What is the objectively worst game you've finished, not because of outright stubbornness, losing a bet, or simply hate-playing it, but rather because you somehow found joy underneath all of the rubbish?

In my case that game would be the Sega CD's pack-in game, Sewer Shark. No doubt much of the reason was the novelty of the FMV-game medium to me on a brand-new system. However, teenage me also enjoyed the over the top cheesy script and presentation layered on top of a rather bland rail shooter. To be fair, if the price of getting to see annoying bermuda-shorts boss guy get his comeuppance was to shoot another several dozen sewer rats, then that was a price I was willing to pay.

Runners up:
Heiankyo Alien (GameBoy) - a game about invading aliens on a maze-like town map. You fight them off by digging holes, waiting for them to fall in, and then burying them alive before they can climb out. Ludicrous, but also oddly entertaining.
Crimson Sea (Xbox) - do you like shooting endless amounts of bugs with terribly repetitive gameplay? Not so much? Well, do you like massive cleavage? Then we've got the game for you! To be fair, the bug blasting was sometimes ok in a Dynasty-Warriors "zone out" sense (both game series by Koei), but I'm ashamed to admit that early 20's me became aware of the Crimson Sea mostly for the second reason stated above.

Mmmmmm

A game called Evil Zone on the psx
horrible yet amazing fighting game lol

Sewer Shark is still amazing to this day. Anyone who says otherwise is wrong.

Dracula Unleashed on Sega CD, on the other hand, was a horrible nightmare of piss-poor acting, bad script, and horrendous UI/controls, but got dayum did I love that game and beat the hell out of it several times over back in the day.
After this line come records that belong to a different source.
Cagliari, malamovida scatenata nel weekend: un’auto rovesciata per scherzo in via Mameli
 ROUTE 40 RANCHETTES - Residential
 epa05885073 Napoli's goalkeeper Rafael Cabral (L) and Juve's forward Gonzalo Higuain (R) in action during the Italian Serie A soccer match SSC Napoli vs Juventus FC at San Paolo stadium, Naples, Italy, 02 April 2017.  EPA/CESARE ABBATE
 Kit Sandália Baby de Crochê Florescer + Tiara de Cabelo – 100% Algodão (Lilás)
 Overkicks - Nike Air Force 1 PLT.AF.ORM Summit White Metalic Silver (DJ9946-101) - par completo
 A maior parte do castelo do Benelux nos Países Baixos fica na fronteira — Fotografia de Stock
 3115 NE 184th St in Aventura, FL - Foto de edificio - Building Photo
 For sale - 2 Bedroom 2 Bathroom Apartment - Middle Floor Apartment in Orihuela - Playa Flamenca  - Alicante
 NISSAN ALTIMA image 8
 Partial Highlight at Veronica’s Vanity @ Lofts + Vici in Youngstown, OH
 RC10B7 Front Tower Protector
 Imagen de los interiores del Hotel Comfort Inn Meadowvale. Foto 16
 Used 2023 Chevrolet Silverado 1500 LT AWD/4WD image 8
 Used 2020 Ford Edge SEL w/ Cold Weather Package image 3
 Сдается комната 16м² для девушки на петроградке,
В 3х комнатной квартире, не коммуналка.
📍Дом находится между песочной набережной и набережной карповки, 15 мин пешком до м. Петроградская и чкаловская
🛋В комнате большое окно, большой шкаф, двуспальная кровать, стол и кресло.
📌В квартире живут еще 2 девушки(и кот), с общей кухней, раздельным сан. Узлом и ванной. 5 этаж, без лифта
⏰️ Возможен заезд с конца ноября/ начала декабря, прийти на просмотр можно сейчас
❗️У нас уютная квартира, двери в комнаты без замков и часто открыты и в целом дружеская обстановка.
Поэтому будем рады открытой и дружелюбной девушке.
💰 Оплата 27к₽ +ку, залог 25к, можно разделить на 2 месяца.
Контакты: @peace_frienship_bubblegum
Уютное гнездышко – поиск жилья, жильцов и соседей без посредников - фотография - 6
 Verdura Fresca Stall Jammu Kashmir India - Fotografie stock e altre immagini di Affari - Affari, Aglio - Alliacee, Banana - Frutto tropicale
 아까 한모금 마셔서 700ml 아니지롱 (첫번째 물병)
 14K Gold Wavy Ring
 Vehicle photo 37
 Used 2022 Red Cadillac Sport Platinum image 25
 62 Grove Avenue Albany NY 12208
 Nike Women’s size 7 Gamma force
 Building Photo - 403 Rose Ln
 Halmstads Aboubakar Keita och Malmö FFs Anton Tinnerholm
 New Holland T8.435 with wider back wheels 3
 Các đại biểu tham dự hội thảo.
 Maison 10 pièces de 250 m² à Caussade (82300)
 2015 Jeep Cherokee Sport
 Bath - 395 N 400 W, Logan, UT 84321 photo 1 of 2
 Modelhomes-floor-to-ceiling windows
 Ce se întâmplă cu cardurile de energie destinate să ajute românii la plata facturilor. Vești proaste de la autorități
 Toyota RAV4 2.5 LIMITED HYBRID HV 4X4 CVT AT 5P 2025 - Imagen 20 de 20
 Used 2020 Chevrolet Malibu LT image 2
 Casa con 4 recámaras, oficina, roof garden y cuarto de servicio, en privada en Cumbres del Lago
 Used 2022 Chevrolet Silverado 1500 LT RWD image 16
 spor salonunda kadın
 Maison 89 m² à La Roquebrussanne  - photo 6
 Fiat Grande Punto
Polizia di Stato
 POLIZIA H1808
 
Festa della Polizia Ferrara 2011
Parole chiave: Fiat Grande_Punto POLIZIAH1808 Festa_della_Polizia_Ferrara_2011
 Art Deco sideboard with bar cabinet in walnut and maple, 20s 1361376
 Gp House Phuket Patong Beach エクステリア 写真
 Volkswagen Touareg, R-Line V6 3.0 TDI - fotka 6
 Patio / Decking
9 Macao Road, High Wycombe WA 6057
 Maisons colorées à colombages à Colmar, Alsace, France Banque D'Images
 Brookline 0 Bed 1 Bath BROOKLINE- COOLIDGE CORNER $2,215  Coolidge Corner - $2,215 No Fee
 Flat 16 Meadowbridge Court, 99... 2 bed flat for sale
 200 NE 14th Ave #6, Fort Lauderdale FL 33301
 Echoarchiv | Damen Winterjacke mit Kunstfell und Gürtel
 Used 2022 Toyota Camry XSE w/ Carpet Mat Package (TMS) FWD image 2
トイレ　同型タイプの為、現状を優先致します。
Candice came this close to nabbing my GOTY 2017. In the end I went with UnExplored, but I'm still left wondering if I made the right decision.

Either way, it's the most entertaining $5 I've spent in years.

From the Community GOTY thread:

Candice is a grand odyssey of lo-fi jank. It looks like a train-wreck on the surface, but its hidden depths reveal a folk-art masterwork. It's like this one guy had a grand vision but not so much the raw talent. Yet...no one told him that, so he proceeded to brute force the production. To write, program, record dialogue & music...basically just do everything himself. And the results are glorious.

Evil pop singer Krystal has stolen the tan-van from Candice's best friend in the trailer park, leaving her without a way to maintain her sexy, glowing orange complexion. Now it's up to Candice to travel the world getting her magic back for the final showdown with Krystal. A crazy setup, but the 10+ hour story has a lot of heart.

The trailer says it all. On a side note, I spent a good number of weeks completely obsessed with the Soundtrack and still rock it on my phone to this day.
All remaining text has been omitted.